Environmental Policy News

Feds: No Artificial Rafts for Hauled-Out Walrus

When some 35,000 walrus were spotted near the village of Point Lay, Alaska in early September 2015, many blamed the exodus on diminishing sea ice cover.

 

Moreover, scientists claimed the huge onshore crowds were a new phenomenon. According to Chadwick Jay, a research ecologist heading the US Geological Survey’s walrus program, the coastal haul outs have only occurred in our lifetimes. The reason, he says is that in the past, walrus found enough floating sea ice off Alaska’s coast to stay offshore and feed rom these bases. However, since 2007, the walruses have gathered annually onshore in northwester Alaska. Jay says this is because the animals, “have run out of sea ice and have no pale to go.”

In response, according to the Alaska Dispatch News, “This summer, former University of Alaska professor and environmental activist Rick Steiner proposed a pilot project to test the effects of anchoring temporary artificial rafts for walruses at Hanna Shoal beginning in 2016. His plan was to design/retrofit at least one large barge (e.g. a cleaned fuel barge), with a substantial weather bow, retrofit it with appropriate surfacing material, ballast it with sea water, anchor it at Hanna Shoal from July – October 2016, to test the feasibility of the concept.”

The rafts, hypothesized Steiner, could “help mitigate the devastating impact of climate change in Arcitc Ocean ecosystems.”

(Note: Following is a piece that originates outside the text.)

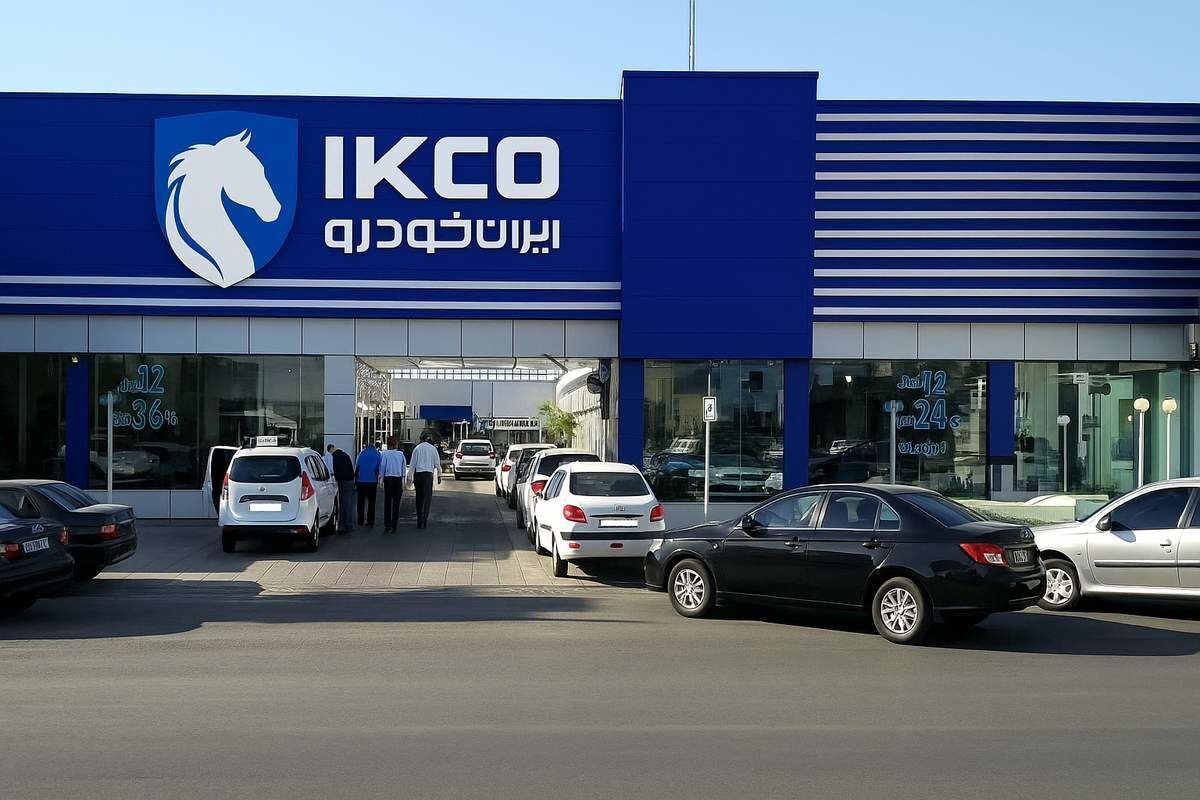 رای سازمان تعزیرات علیه ایران خودرو صادر شد؛ جریمه سنگین و برکناری مدیرعامل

So far, the US Geological Survey has not taken up the idea. Instead, they are focusing on “minimizing disturbances at coastal haulouts.” In a letter to Steiner, Fish and Wildlife Alaska Regional Director Geoffrey L. Haskett wrote, “Currently, there is no evidence that feeding trips from coastal haulouts are resulting in an energy deficit based on observations of animal conditions.”